I like to take advantage of an e-book sale to try new authors. A year or so ago I bought a paranormal romance. This isn’t a genre I’d normally read, but I do like a good ghost story. And this one promised a pirate ghost. The description on Amazon assured me it wasn’t a book number two or three of a series where I’d be forced to buy others at full price to understand what’s happening in the plot. Yet, when I tried to read it there was definitely a lot of back story I was missing. Either it was, indeed, a subsequent book in a series, or the author dropped me down right in the middle of something without enough explanation. I was confused. I tried to keep going, to give it time, but I couldn’t get far and it just wasn’t worth even the $.99 I spent on it.

Then there was the book that came highly recommended. They even made a movie out of it. It was set during WWII in Germany and I’d read and enjoyed many others set during that time period so I was excited to read this one. I really wanted to like it; but, unfortunately, I didn’t even finish the first chapter because I disliked one of the characters that much. Now, I wasn’t supposed to like her. She was clearly the bad guy, but she was so awful, so mean to a child, I refused to read any further. And since the book was borrowed, I gladly returned it unread.

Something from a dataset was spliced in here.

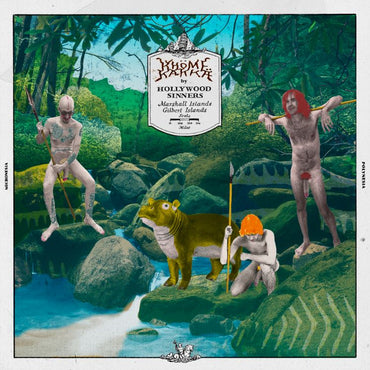 Hollywood Sinners - Khome Kakka [CD] (ONLINE ORDER ONLY)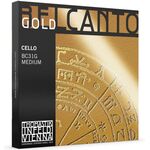 Thomastik BC31G Belcanto Gold (641.771) cselló húrkészlet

I was tempted to do the same with the book I recently finished. But I kept reading because it was a novelized version of true historical facts I’d never heard before and I wanted to know why it turned out the way it did. So I forced myself to keep reading. The problem was, it took place during colonial times and the author wrote in the style of the time. She freely used slang terms that were, no doubt, common at the time, but were completely unknown to me. The author did this to make it sound authentic. She also included excerpts from letters and newspaper articles of the time, so she wanted (I’m guessing) to make the novelized portions flow. All it did was make the reading laborious at times. But the storyline was interesting, so I continued until the end. Had it been complete fiction I wouldn’t have bothered. There’s a big risk anytime the author includes too much slang, stiff formal sentence structure no longer in use, or writes in such a way as to try and mimic a heavy accent by throwing in odd spellings and word contractions.

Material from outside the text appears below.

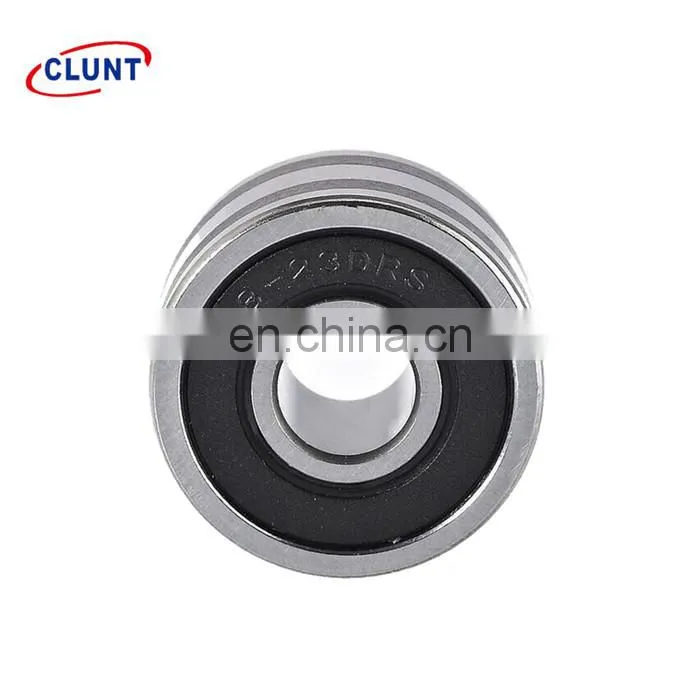 B12-40D-2RS AB Sealed Alternator Ball Bearing 12mm x 40mm x 12mm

As writers we have to catch our readers’ attention from word one. The opening scene has to grab their attention and keep them reading through to the last page. No one has the time, or the money, to force their way through a long boring tale or, worse yet, one ridden with typos. If they don’t finish it, they certainly aren’t going to recommend you to a friend. They aren’t going to leave that all important good review that will help strangers make the decision to take a chance on a new author and buy your book. And they definitely aren’t going to anxiously await your next book.

I have too many books I want to read, and too little time to read them all, to routinely force my way through something that doesn’t excite me from page one. Have you ever given up on a book? Have you ever told yourself life’s too short? I know I have, many times.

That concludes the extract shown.